Collected data
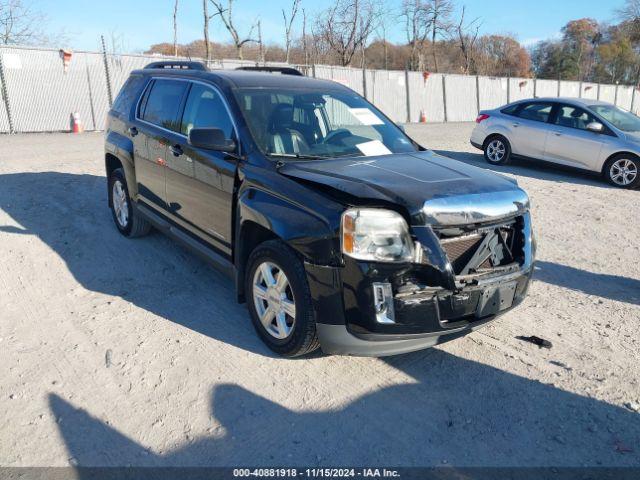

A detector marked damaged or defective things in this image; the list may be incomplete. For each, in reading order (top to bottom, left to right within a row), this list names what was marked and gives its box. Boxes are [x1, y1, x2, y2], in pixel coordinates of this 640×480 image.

exposed headlight [340, 208, 416, 262]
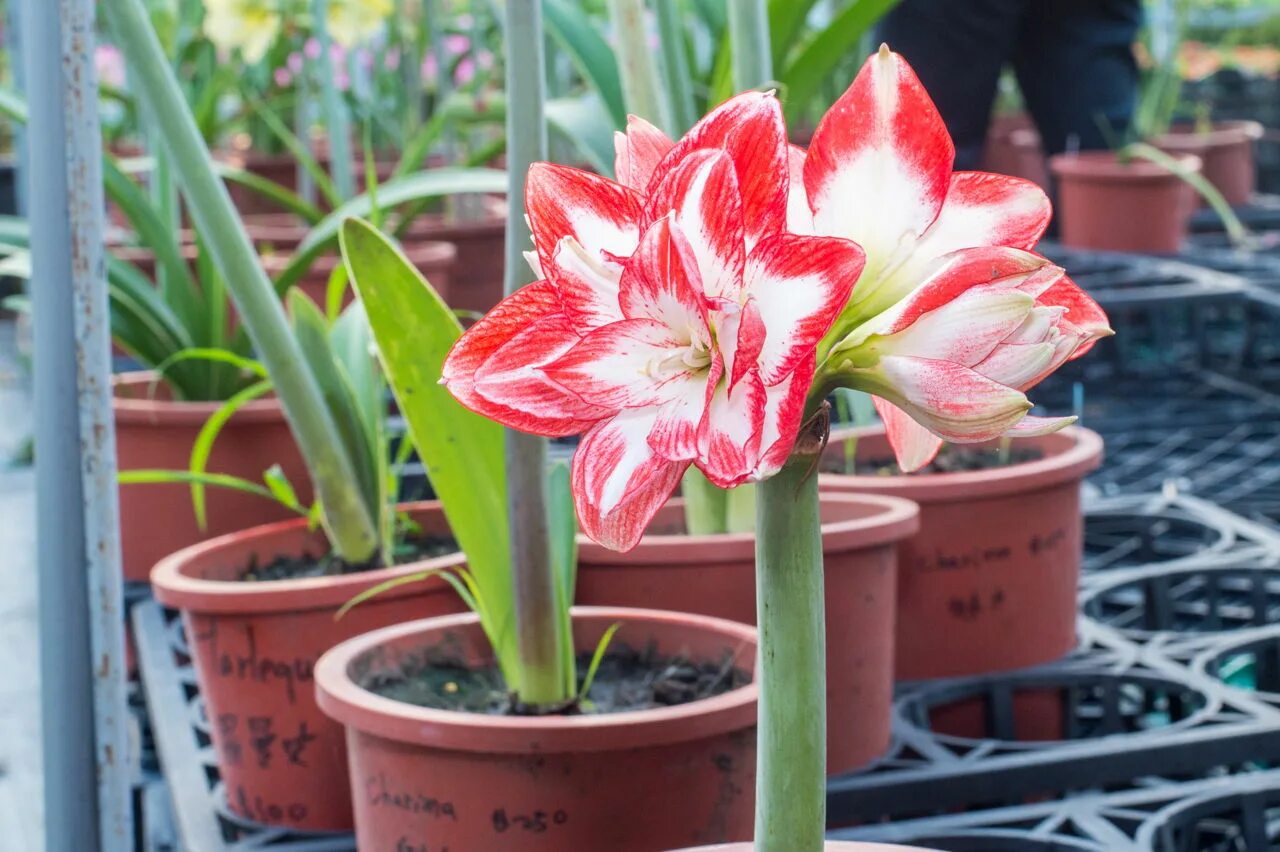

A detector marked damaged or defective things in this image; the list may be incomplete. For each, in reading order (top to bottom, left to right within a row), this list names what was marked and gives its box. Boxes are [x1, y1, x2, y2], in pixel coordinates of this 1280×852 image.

rusty metal post [21, 1, 132, 849]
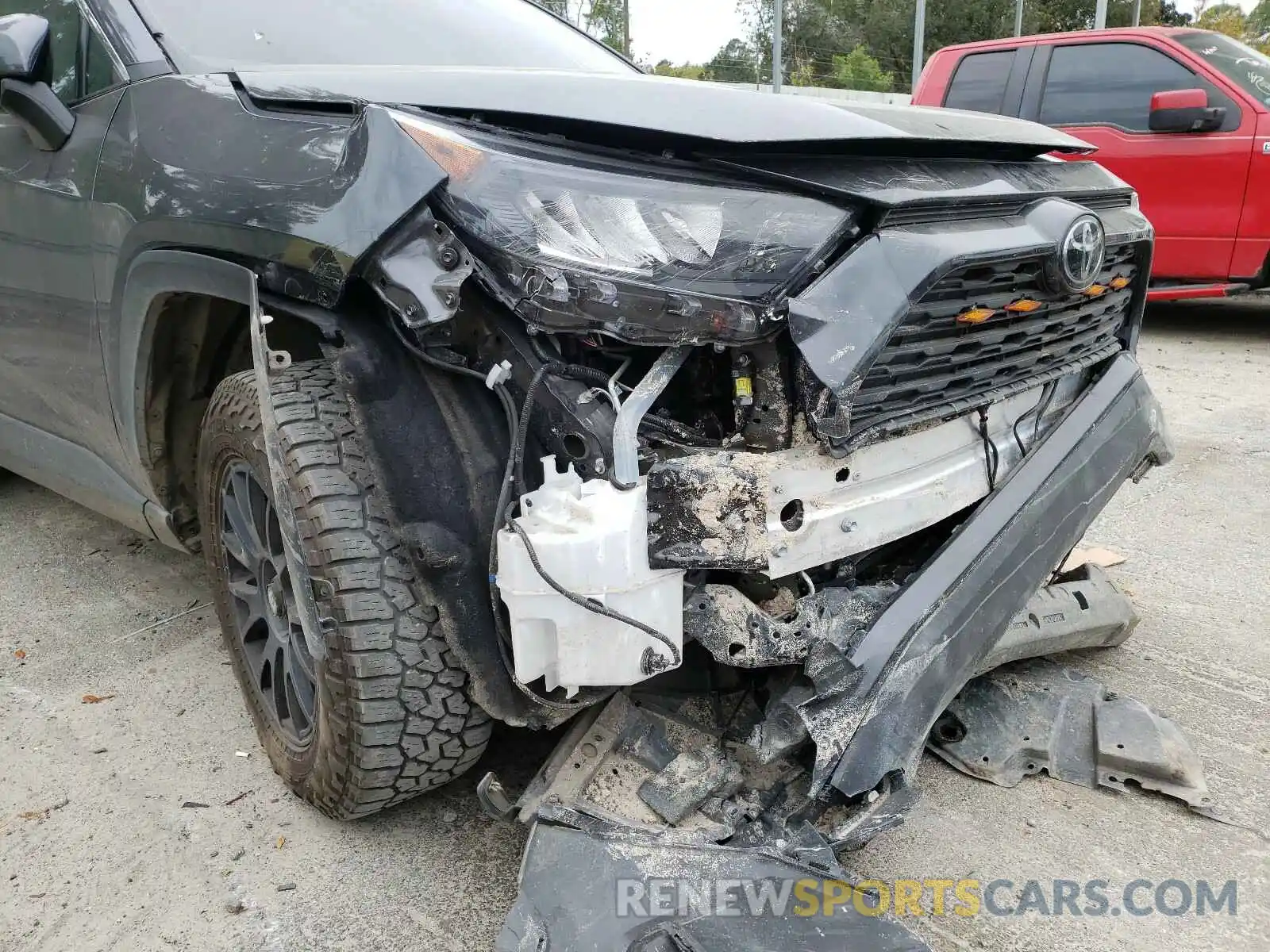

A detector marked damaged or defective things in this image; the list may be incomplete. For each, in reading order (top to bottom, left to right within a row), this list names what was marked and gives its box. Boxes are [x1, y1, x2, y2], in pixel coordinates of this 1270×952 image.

crumpled hood [235, 66, 1092, 155]
broken headlight [392, 113, 857, 343]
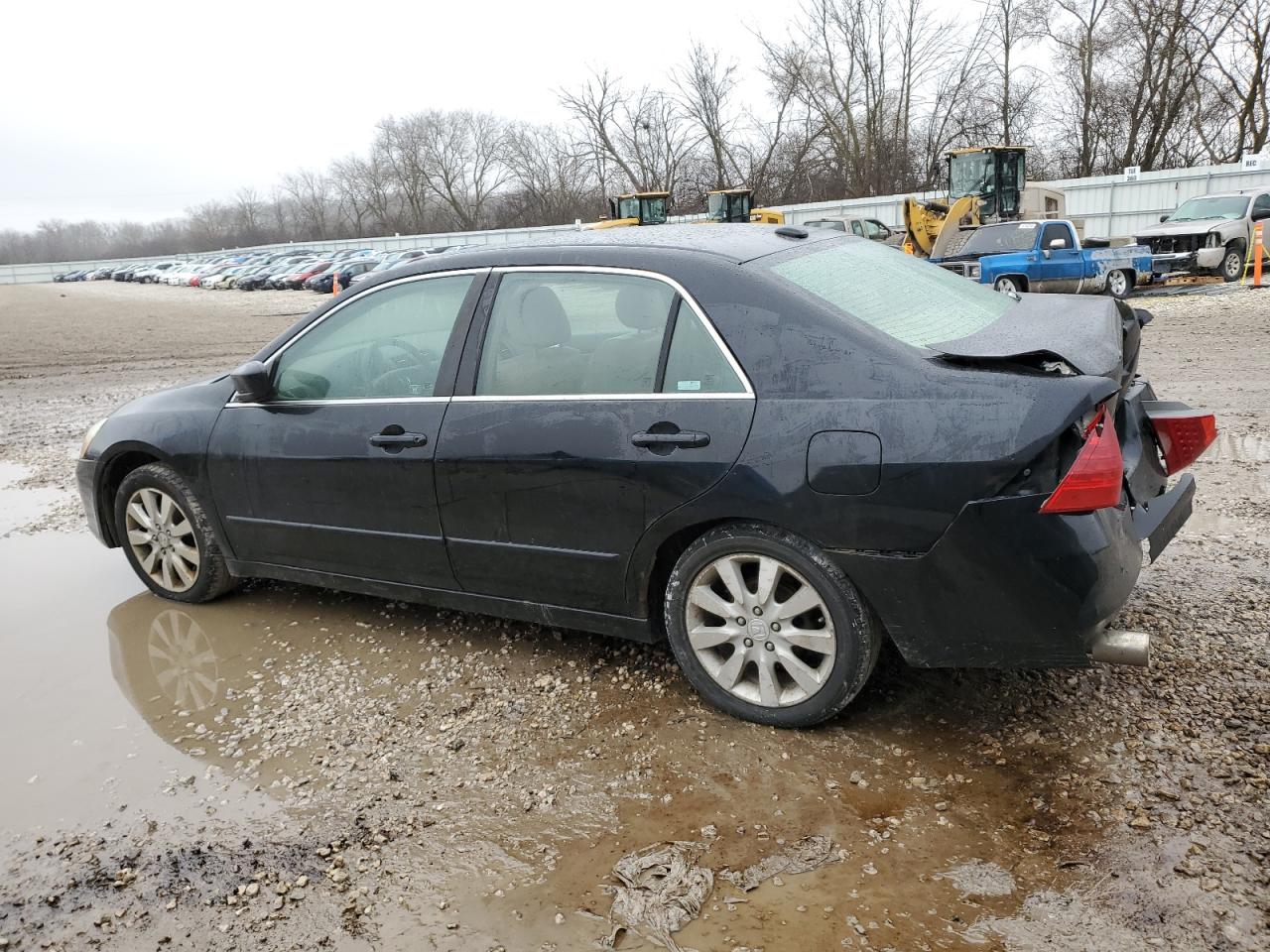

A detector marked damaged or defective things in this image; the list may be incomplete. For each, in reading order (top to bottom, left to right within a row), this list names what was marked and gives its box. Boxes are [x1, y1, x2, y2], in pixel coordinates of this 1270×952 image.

broken taillight [1041, 406, 1122, 518]
broken taillight [1148, 409, 1213, 474]
damaged rear bumper [827, 477, 1194, 669]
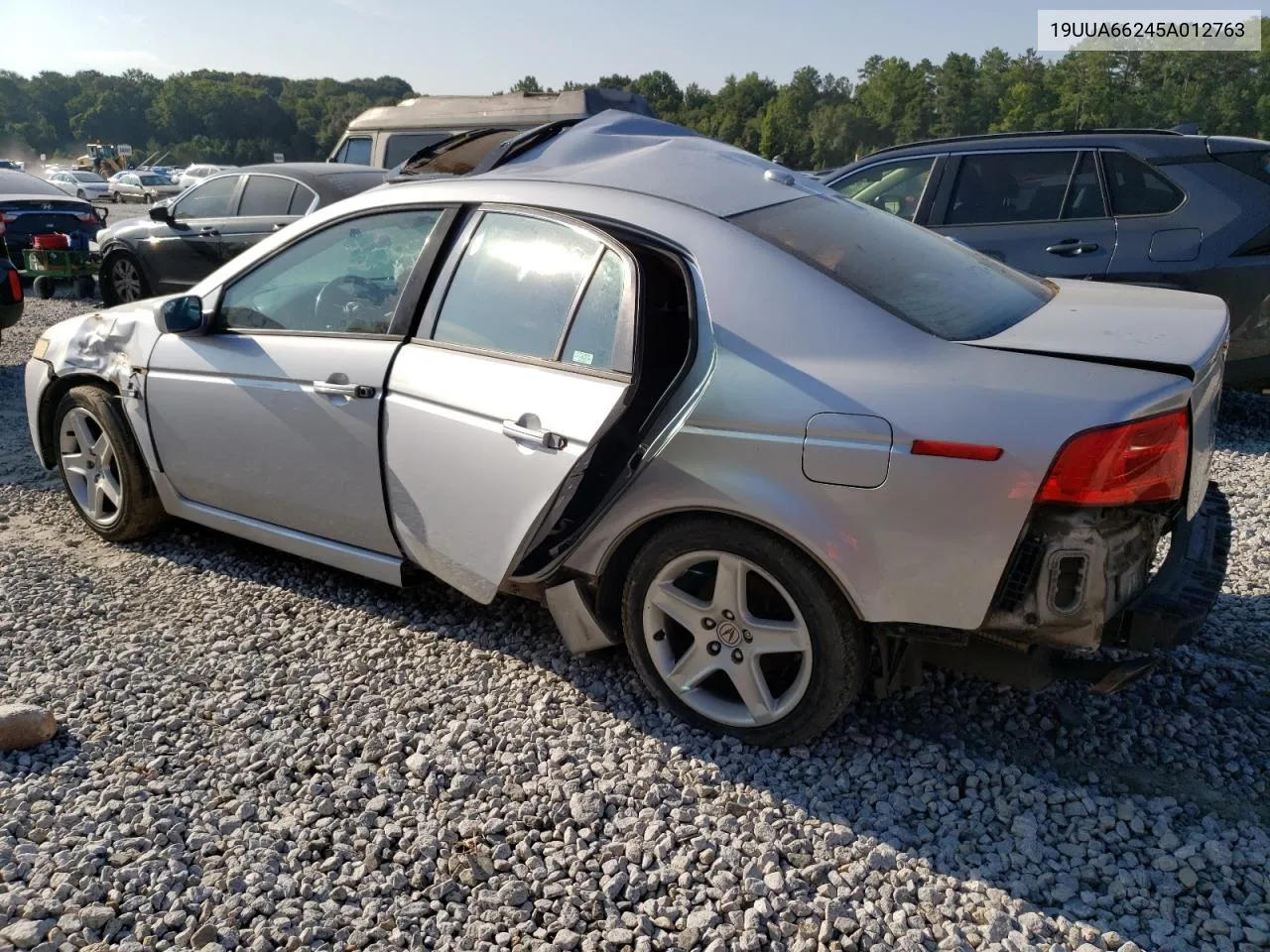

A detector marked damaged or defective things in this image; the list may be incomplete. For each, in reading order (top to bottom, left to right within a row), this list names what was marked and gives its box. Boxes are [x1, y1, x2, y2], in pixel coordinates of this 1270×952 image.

damaged silver sedan [20, 115, 1230, 746]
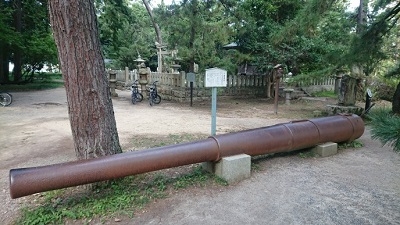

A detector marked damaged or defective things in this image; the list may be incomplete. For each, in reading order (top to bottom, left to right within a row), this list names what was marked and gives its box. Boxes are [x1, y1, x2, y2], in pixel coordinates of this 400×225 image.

rusty cannon barrel [10, 114, 366, 199]
rusty metal surface [10, 114, 366, 199]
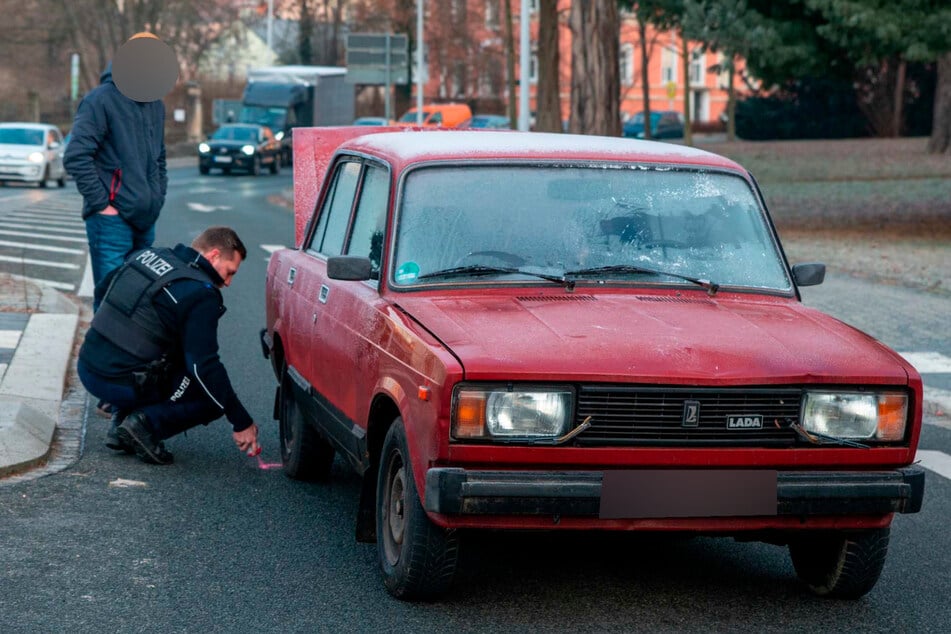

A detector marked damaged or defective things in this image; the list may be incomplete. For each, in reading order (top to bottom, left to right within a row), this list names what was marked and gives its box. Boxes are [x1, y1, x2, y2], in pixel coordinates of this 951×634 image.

cracked windshield [392, 164, 788, 290]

Exercise aim: Where the line containing "this 400×225 image." appears in the records above, begin copying and continue exactly through the last line, with nothing else; omit every picture.

Your response:
A detector marked damaged or defective things in this image; the list may be incomplete. For each, in reading order (top to bottom, left to right within a row), this list names what was marked and gives its box. Boxes are [x1, y1, x2, y2], in pixel coordinates of this 400×225 image.

rusty cannon barrel [10, 114, 366, 199]
rusty metal surface [10, 114, 366, 199]

A detector marked damaged or defective things in this image; the list may be incomplete. For each, in reading order (top to bottom, left to right within a row), this list names what was marked and gives its box. Boxes are [x1, y1, x2, y2], in pixel coordinates of this 951×634 image.

cracked windshield [392, 164, 788, 290]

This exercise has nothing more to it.